How secure is traffic between domain members?

I was just thinking about security in AD domain environment. I have a question: how secure is communication between domains by default (without implementing IPSec etc.) For example if I download a file from one domain computer to another domain computer using SMB (assume they're both connected via hub), would anyone with a sniffer in the same subnet be able to capture this file? Is there a list of protocols which are encrypted by default in the communications between AD members?


It's generally not. Traffic between domain members is not encrypted unless the protocol itself is encrypted - like Kerberos traffic, or if you turn on encryption in SMB 3.0 and the endpoints support it - or you have implemented IPSec properly.


The general rule is: Nothing is encrypted unless you know for a fact the mechanism is encrypted.

Authentication traffic in AD environments (kerberos etc) is always encrypted as part of its basic functionality.

Data movement (e.g. file copy) is not.
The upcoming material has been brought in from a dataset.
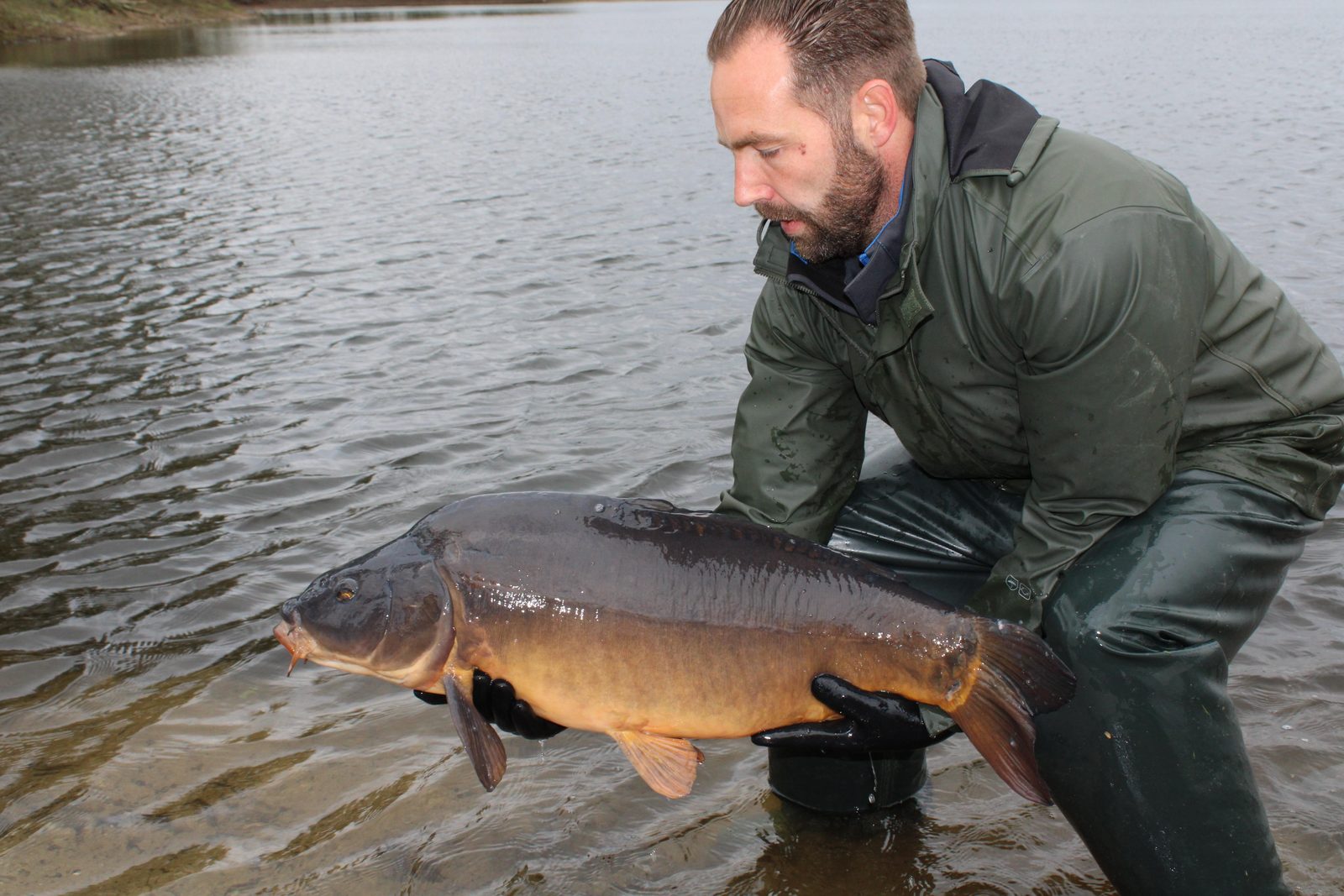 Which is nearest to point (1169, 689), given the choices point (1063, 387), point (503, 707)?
point (1063, 387)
Just as data movement on the web is not unless it specifically is (ssl). Just as ftp is not unless it specifically is (sftp). Just as telnet is not unless it specifically is (ssh).

Ergo, the NSA's job is rather easy.... until 2048 bit encryption is the assumed transport (as opposed to the 'implement with effort' transport, like setting up ipsec etc.)


It sounds like you want to implement domain isolation with IPSec if you're that concerned about encrypting internal communication inside of your environment.